Your assignment →
Pictures aside, each entry has to be returned exactly as it stands.
----------------------------------------
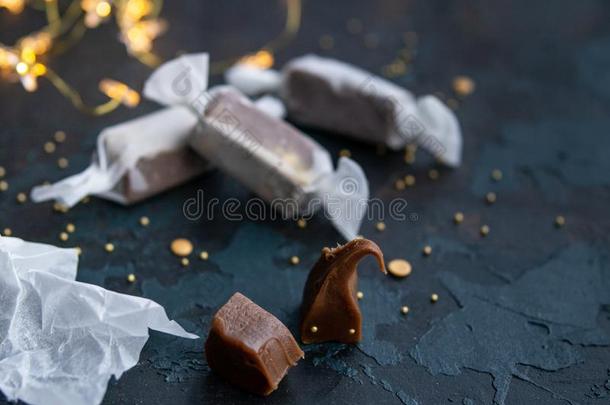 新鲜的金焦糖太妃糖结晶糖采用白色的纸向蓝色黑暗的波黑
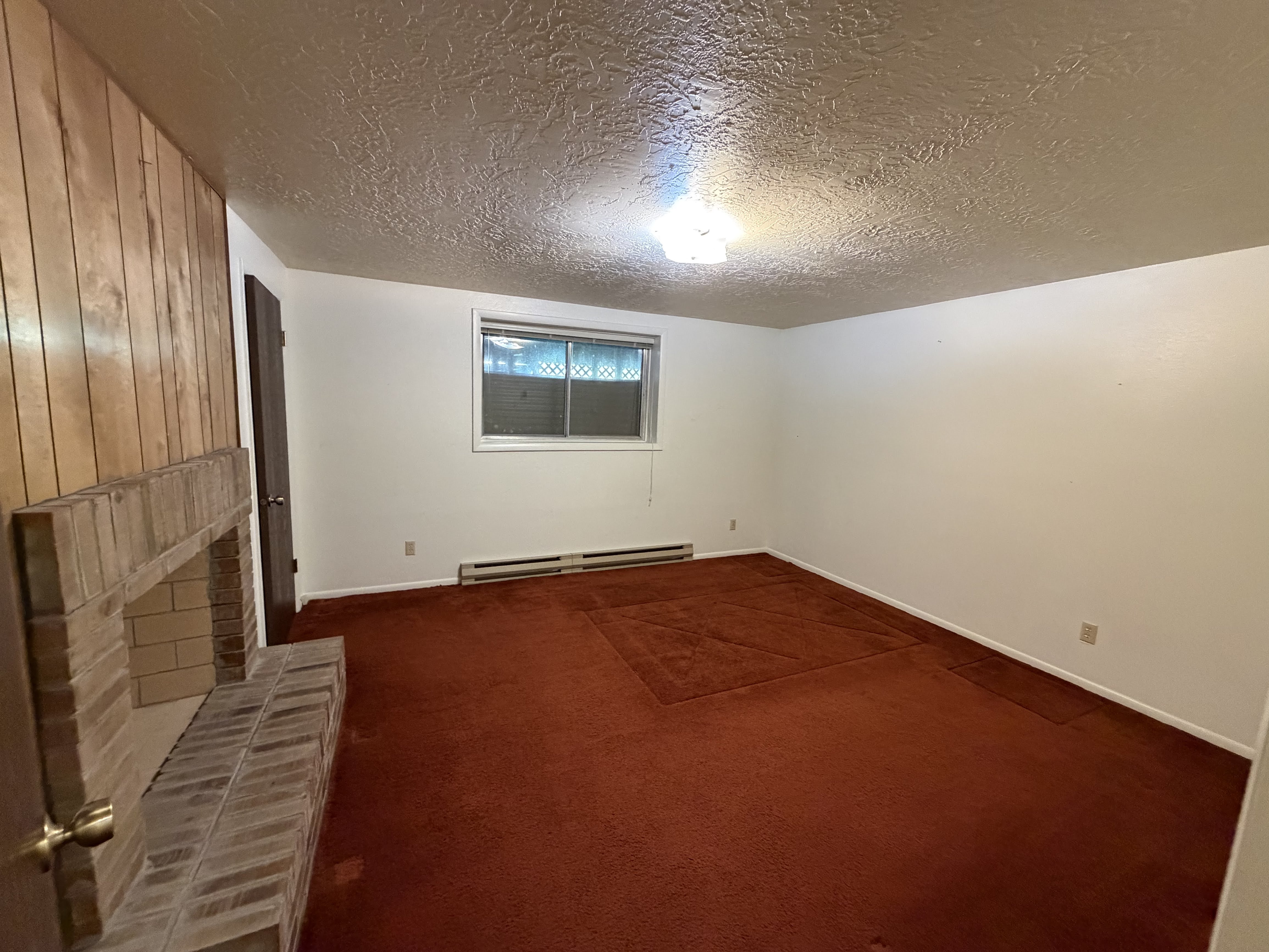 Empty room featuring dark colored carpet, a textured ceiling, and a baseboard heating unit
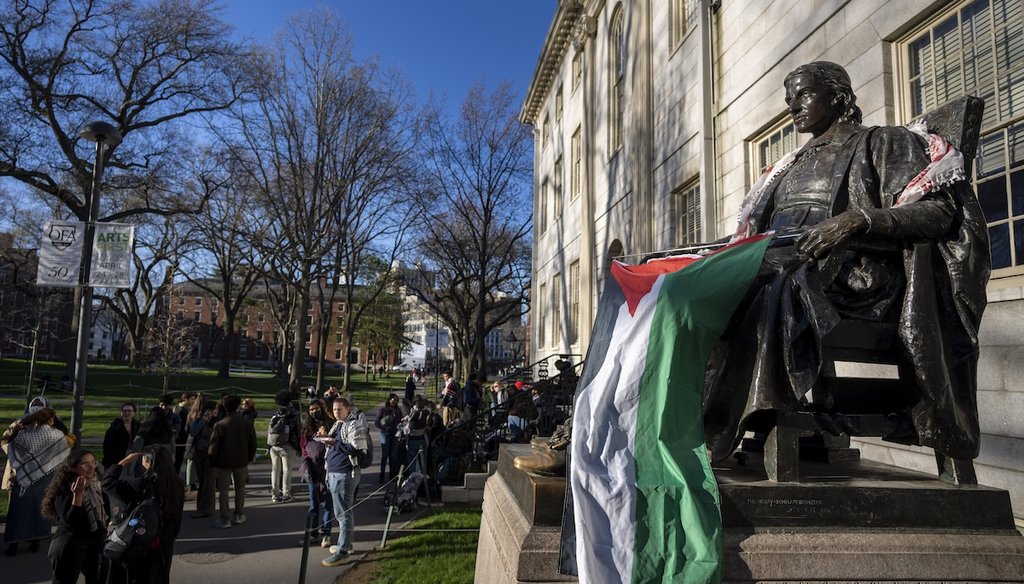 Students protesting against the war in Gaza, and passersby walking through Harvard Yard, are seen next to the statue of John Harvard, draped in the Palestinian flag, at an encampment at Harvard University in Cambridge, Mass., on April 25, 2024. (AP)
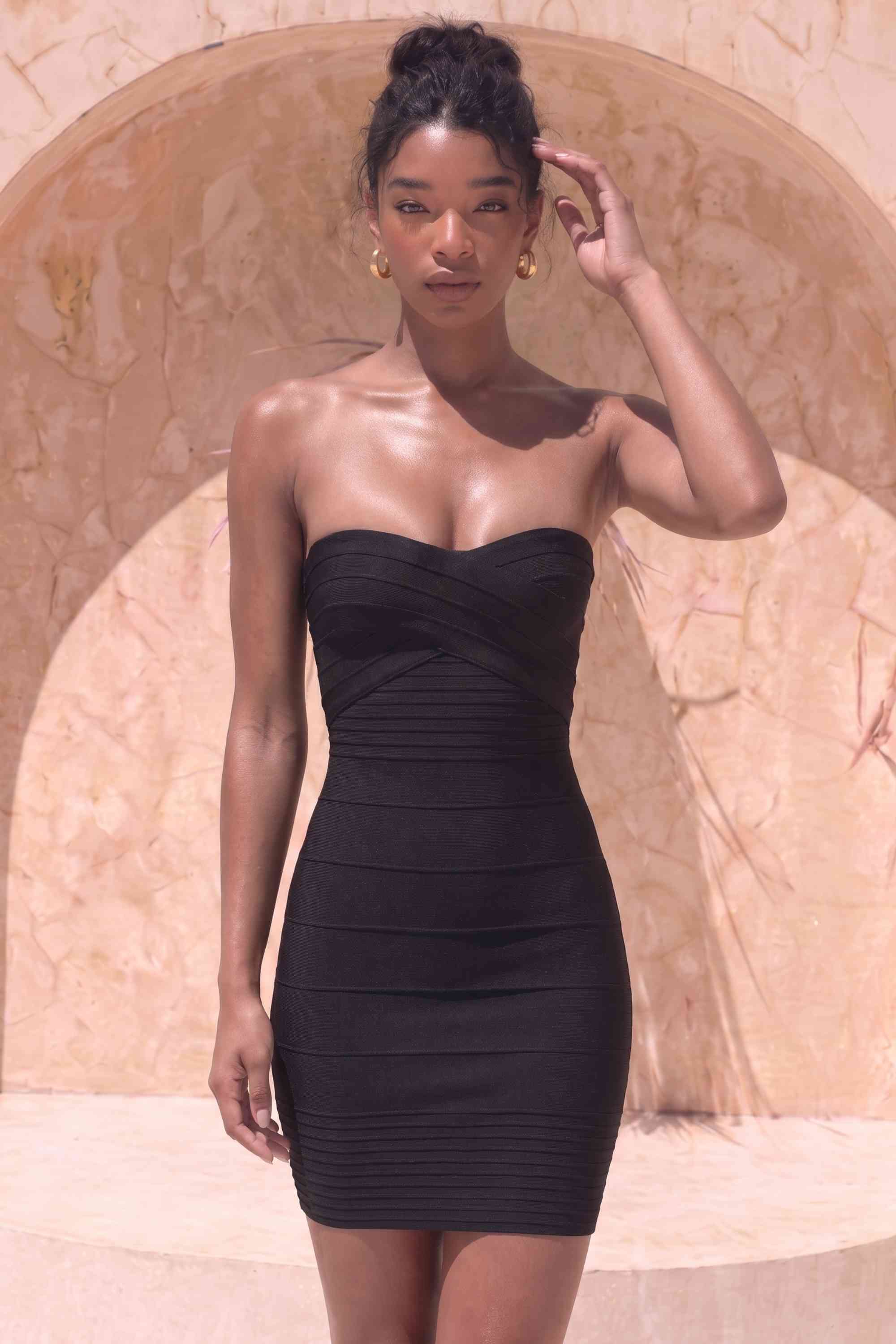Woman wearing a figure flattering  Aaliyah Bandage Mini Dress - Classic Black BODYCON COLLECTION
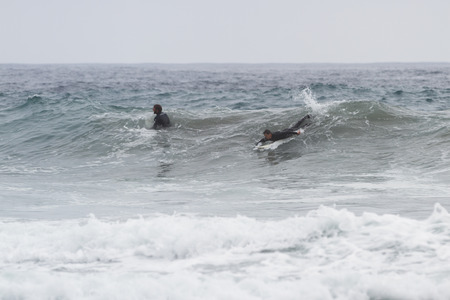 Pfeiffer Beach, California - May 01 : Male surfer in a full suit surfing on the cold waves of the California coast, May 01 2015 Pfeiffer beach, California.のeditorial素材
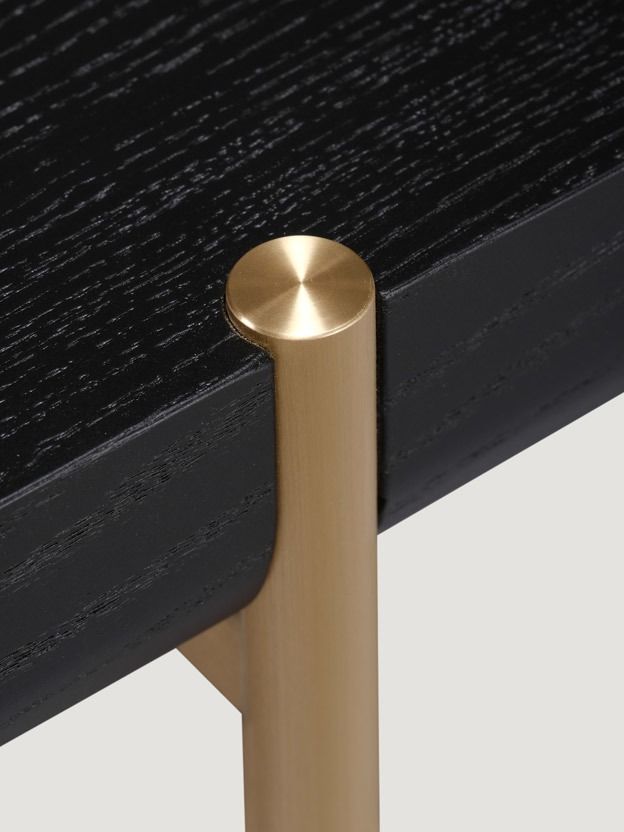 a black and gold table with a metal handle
----------------------------------------
Answer to the exercise →
 新鲜的金焦糖太妃糖结晶糖采用白色的纸向蓝色黑暗的波黑
 Empty room featuring dark colored carpet, a textured ceiling, and a baseboard heating unit
 Students protesting against the war in Gaza, and passersby walking through Harvard Yard, are seen next to the statue of John Harvard, draped in the Palestinian flag, at an encampment at Harvard University in Cambridge, Mass., on April 25, 2024. (AP)
Woman wearing a figure flattering  Aaliyah Bandage Mini Dress - Classic Black BODYCON COLLECTION
 Pfeiffer Beach, California - May 01 : Male surfer in a full suit surfing on the cold waves of the California coast, May 01 2015 Pfeiffer beach, California.のeditorial素材
 a black and gold table with a metal handle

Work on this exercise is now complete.